À l’HME, le Dr Fombonne continue son travail pour établir l’absence de preuve de la relation causale entre la vaccination ROR et l’autisme et, en 2004, il publie dans le Lancet une étude qui réfute les affirmations du Dr Wakefield. Peu après, il est attiré dans une autre controverse entourant les affirmations d’un lien entre l’autisme et le thimerosal, un produit dérivé du mercure et utilisé pour stériliser les vaccins. Selon le Dr Fombonne, il n’y a aucun lien entre le thimerosal et l’autisme et il déclare publiquement que les taux plus élevés d’autisme sont le résultat d’une combinaison de facteurs, dont la reconnaissance améliorée des symptômes. Néanmoins, 5000 familles qui croient à l’existence d’un lien entre l’autisme et le thimerosal attendent une compensation de la part du gouvernement américain. D’après le Dr Fombonne, « c’est le conflit entre la science et la politique sociale. J’espère qu’une fois l’affaire réglée en cour les inquiétudes concernant les vaccins se dissiperont, mais cela pourrait prendre des années avant que la confiance du public soit restaurée. »

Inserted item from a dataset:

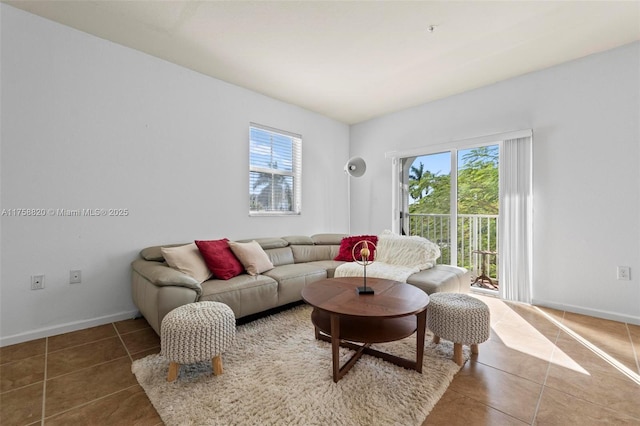 living room featuring tile patterned flooring, plenty of natural light, and baseboards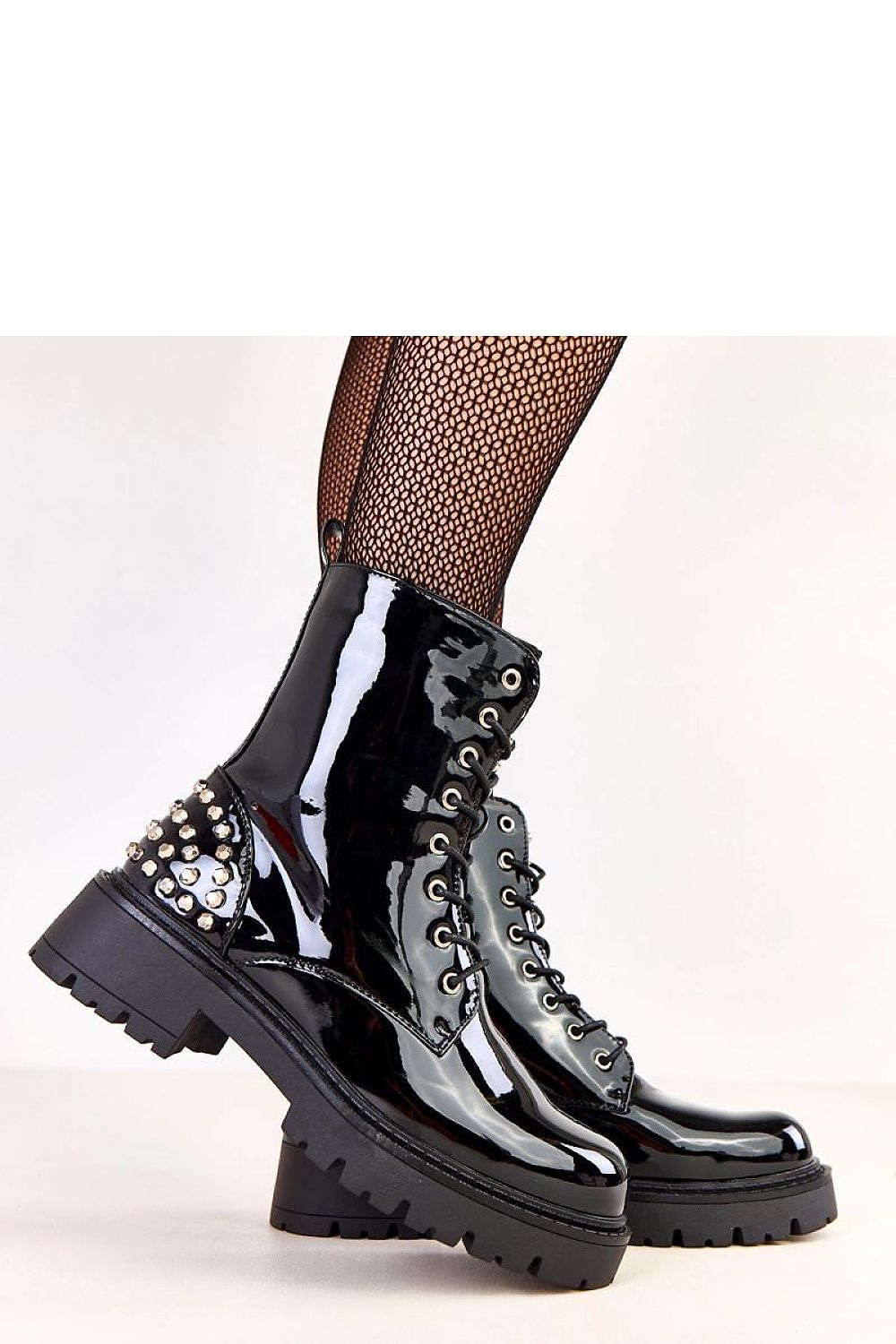 Solea Women's Patent Leather Booties featuring decorative studs, ankle height, and a 5.5 cm heel, showcasing a luxurious shine and modern rock-inspired design, ideal for stylish urban outfits.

« Je pense que le nouveau CUSM reflétera une meilleure intégration de la recherche et des soins cliniques, qui mènera au genre de travaille interdisciplinaire que j'ai toujours parrainé. »

L’implication du Dr Fombonne dans de telles causes retenant l’attention du public est une partie importante de son travail, mais ses recherches cliniques et ses tâches d’enseignement ne passent jamais au second plan. À son arrivée à l’HME en 2001, il y a déjà une clinique d’autisme en place. Sous la direction du Dr Fombonne, elle devient la plus importante clinique d’autisme au Québec, où des centaines de nouveaux patients – de la naissance jusqu’à l’âge de 17 ans sont évalués chaque année.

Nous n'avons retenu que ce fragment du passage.